How do you know that a Marcionite Evangelion and Apostolikon were distinct and separate texts from the Marcionite opus the
Antitheses?
BeDuhn makes this admission (highlighting mine) ----
Although few have questioned that Tertullian had direct access to the Evangelion and Apostolikon, we cannot be absolutely sure. A couple of features of his discussion invite caution. First, he frequently comments on Marcion’s interpretation and application of a particular verse, as if he is looking at Marcion’s Antitheses and drawing scriptural quotations from it, rather than directly from the Evangelion and Apostolikon.

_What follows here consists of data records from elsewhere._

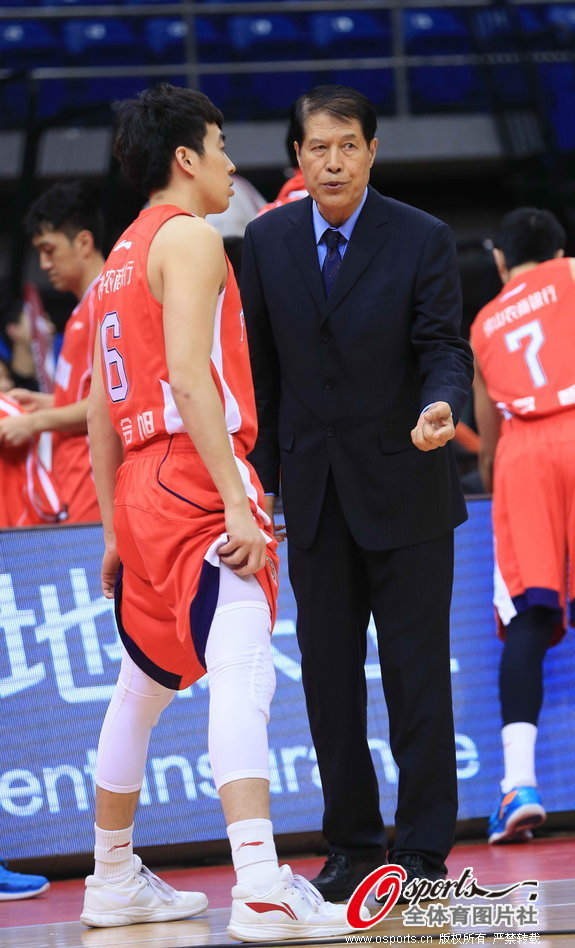 表現(xiàn)全面！字母哥半場9中6拿到13分4板3助1斷 正負值+11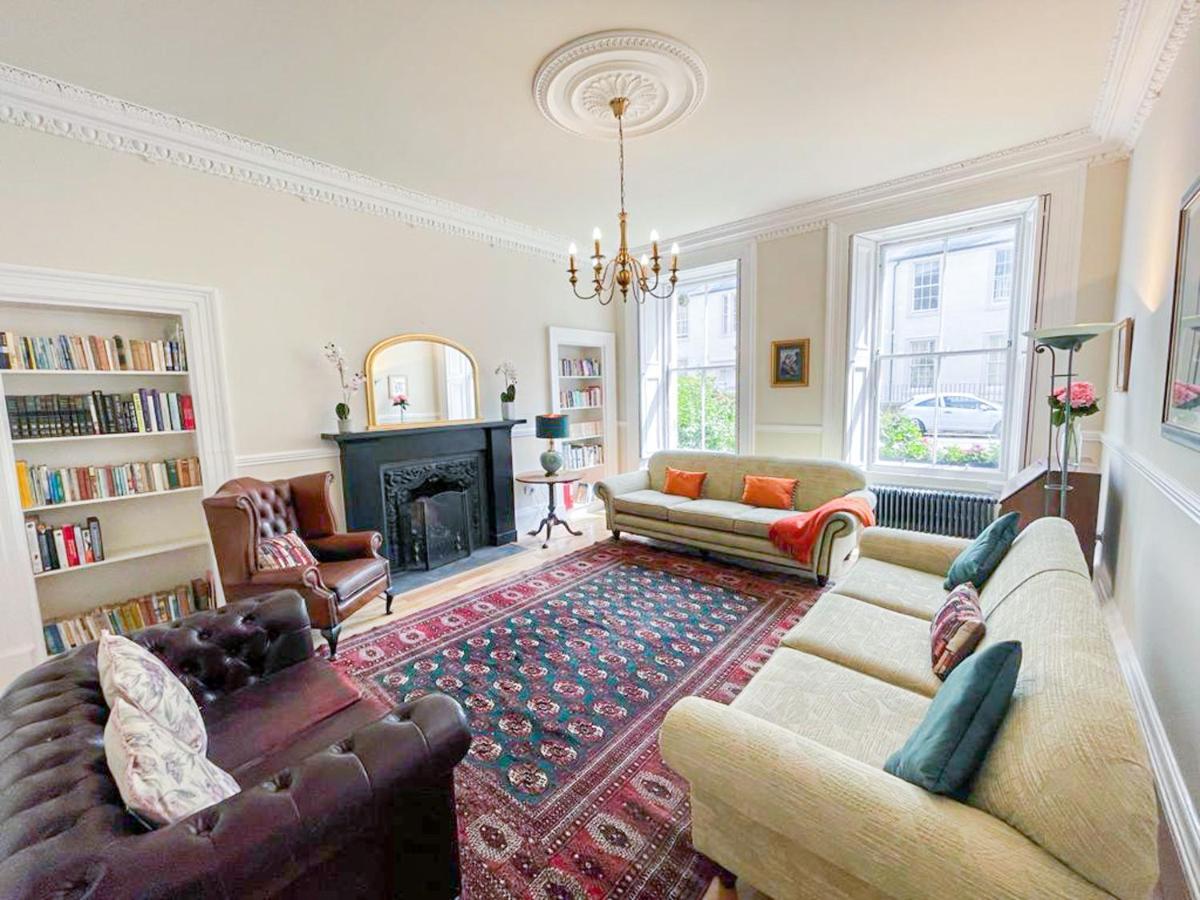 Remarkable 5Br Townhouse With Garden, Sleeps 12 เอดินบะระ ภายนอก รูปภาพ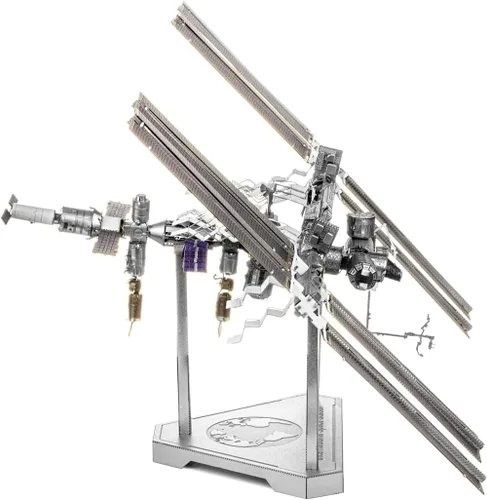 Vista 6 de Metal Earth Fascinations Premium Series Estación Espacial Internacional 3D Kit de modelo de metal con pinzas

Second, Tertullian’s selective quotations from the Apostolikon possess a kind of running logic, as one quoted verse follows upon another in what has the appearance of a connected argument; yet that argument is not Tertullian’s. Rather, by selectively skipping over intervening material, a cogent Marcionite reading of Paul comes sharply into focus, which Tertullian does his best to disarticulate and refute. This impression is subjective, of course, and may be an illusion. But if Tertullian relied completely on the quotations of scripture in Marcion’s Antitheses, and did not have direct access to the Evangelion and Apostolikon , any comment he makes about passages missing from these texts would be suspect, the result of mere supposition on his part based on Marcion’s failure to quote them. (BeDuhn, The First New Testament, p. 35-36)
It is possible that the so-called Evangelion and Apostolikon, as reconstructed, are actually reconstructions of the respective portions of the
Antitheses in which the Marcionites cited passages from narrative "Gospel" sources and from Paul's letters, and that the passages in the
Antitheses were interspersed with running Marcionite commentary. Is that not possible?